By Nate Raymond
NEW YORK (Reuters) – Federal authorities charged New York state Senate Majority Leader Dean Skelos and his son on Monday with engaging in a corruption scheme, in the latest of a string of criminal cases against politicians in the state’s capital of Albany.
Skelos, a 67-year-old Republican, and his 32-year-old son, Adam, were named in a six-count criminal complaint filed in Manhattan federal court that included charges of conspiracy and extortion.
Prosecutors said Skelos pressured a real estate developer and an environmental technology company to pay his son more than $200,000 in exchange for his support on infrastructure and legislation.
The men surrendered to the Federal Bureau of Investigation on Monday morning. They were expected to later appear in court.
Skelos said in a statement he was “innocent of the charges leveled against me.” His son’s lawyer did not respond to requests for comment.
In the last decade, 22 legislators have been charged in Albany for corruption, according to New York University Law School’s Brennan Center for Justice.
Then-New York State Assembly Speaker Sheldon Silver, a Democrat, was charged for corruption offenses in January.
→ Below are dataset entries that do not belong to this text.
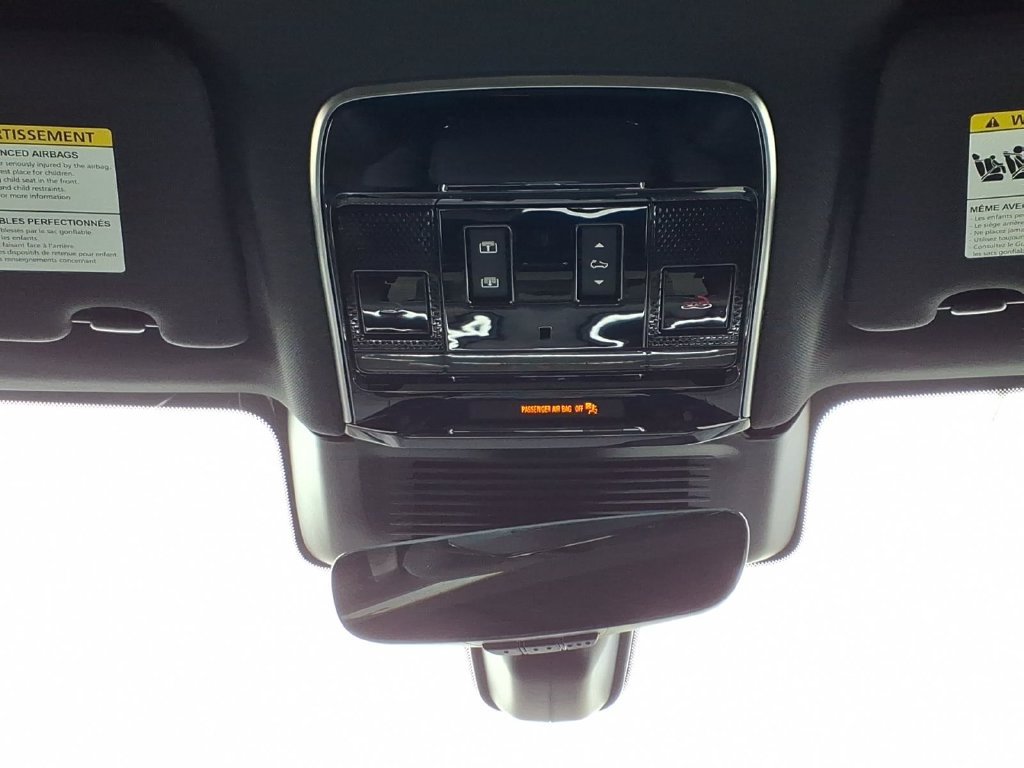New 2027 Land Rover Range Rover Long Wheelbase SE AWD/4WD image 23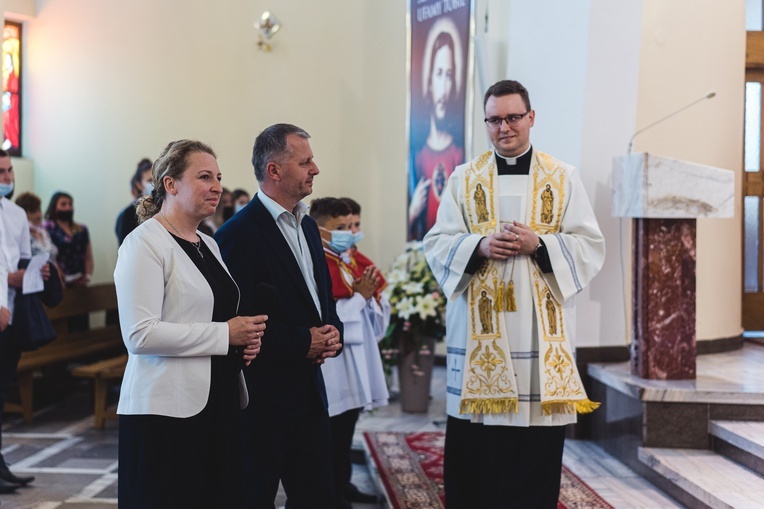 Dębica. Bierzmowanie w par. pw. Krzyża Świętego 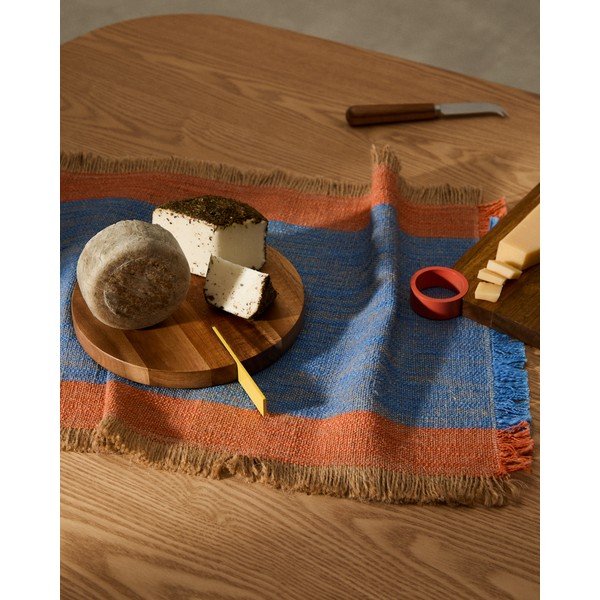 Servírovacia drevená doštička 25 x 20 cm Zairin – Kave Home-image-1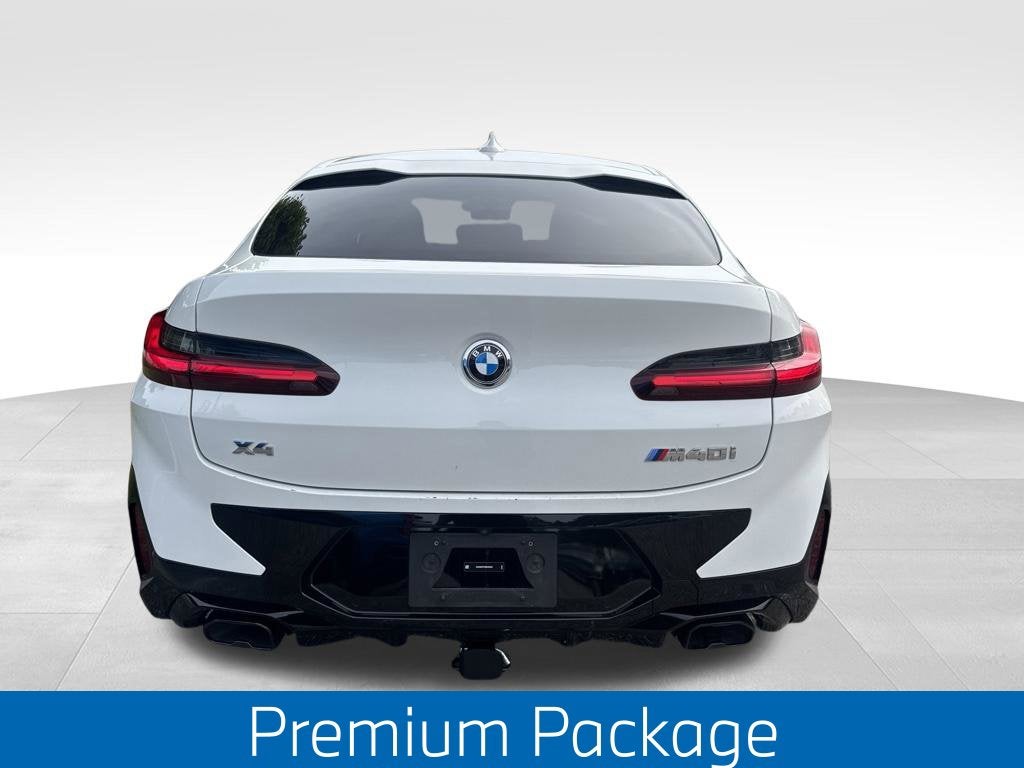 2024 BMW X4 M40i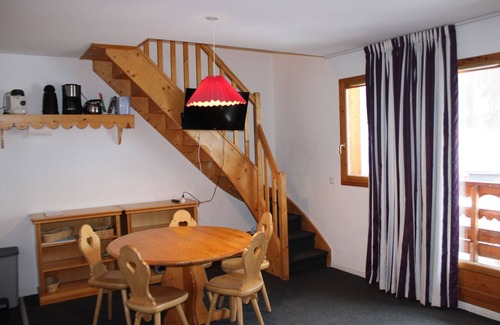 Risoul Apartment | Duplex apartment 8-10p in Risoul at the foot of the slopes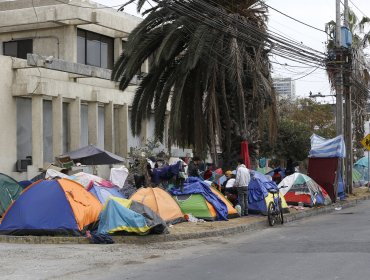 En la vía pública: Decenas de migrantes acampan en distintos sectores de Iquique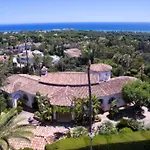 Villa Palatial In Hacienda Chapas, Marbella
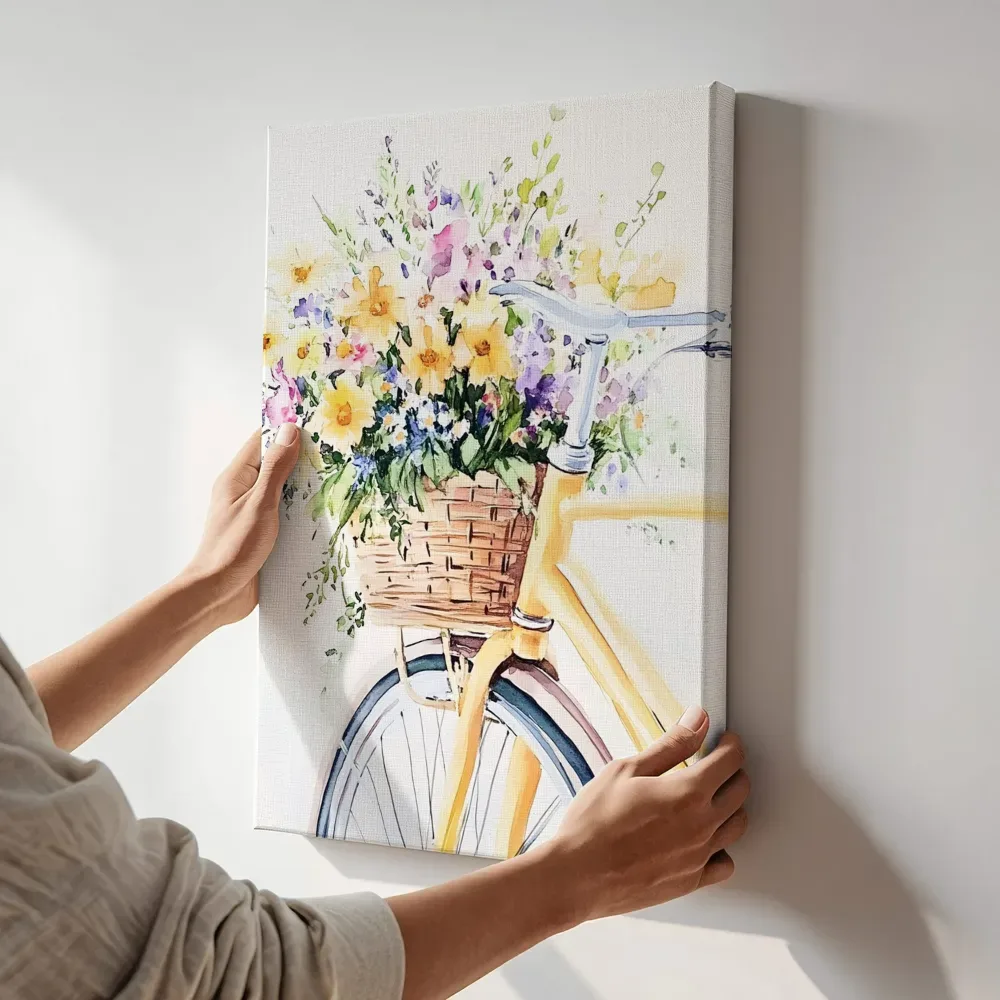 Sfeerimpressie: Fiets met mand vol pastelbloemen naast de kast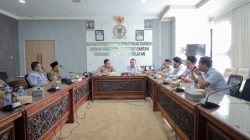 DPRD Riau saat berdialog dengan Sekretariat DPRD Kalsel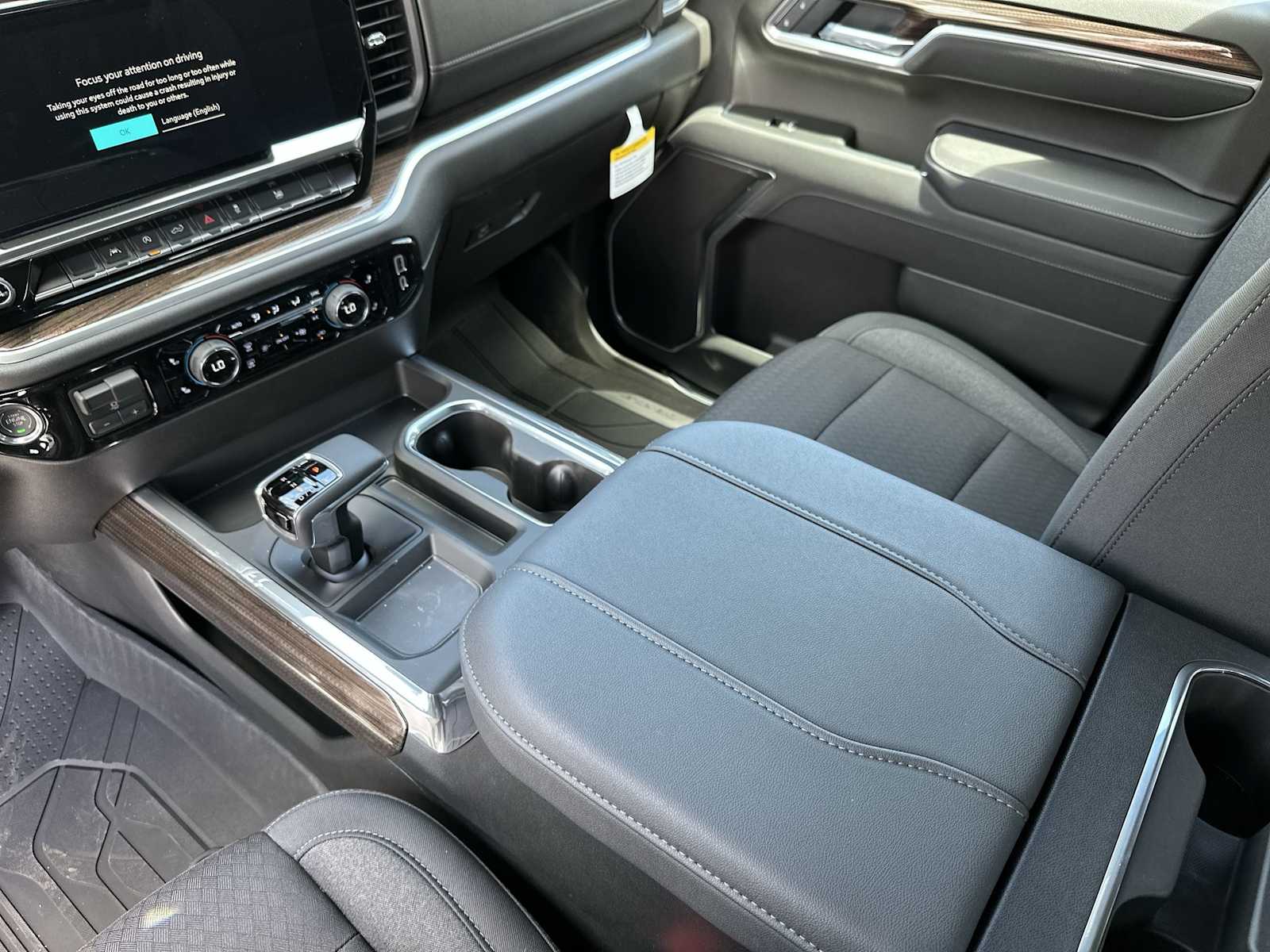 Thumbnail: 2026 Chevrolet Silverado 1500 - 22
This is the first time in recent history that leaders of both of legislative chambers are simultaneously facing charges.
Manhattan U.S. Attorney Preet Bharara said Skelos’ case showed that “public corruption is a deep-seated problem” in New York.
Monday’s complaint built upon evidence secured through cooperating witnesses, wire taps and search warrants.
According to the complaint, beginning in 2010, Skelos and his son pressured a real estate developer to pay Adam Skelos, a commissioned title insurance salesman, while the company was lobbying for legislation.
Payments included $20,000 disguised as a commission and $4,000 per month from an environmental technology firm tied to the developer seeking to win government-funded contracts, the complaint said.
Campaign finance records indicate the unnamed developer was Glenwood Management. Its lawyer declined to comment.
The complaint’s description of the environmental company matched a subsidiary of Arizona-based AbTech Holdings Inc
AbTech said on Monday it is cooperating with authorities.
In 2013 AbTech secured a $12 million stormwater systems project with New York’s Nassau County. The complaint said while the contract was under consideration, Skelos and his son threatened to block it unless payments were increased, resulting in Adam Skelos receiving $10,000 per month.
By February, the company had paid Adam Skelos $198,000, the complaint said, while Dean Skelos took steps to help the company.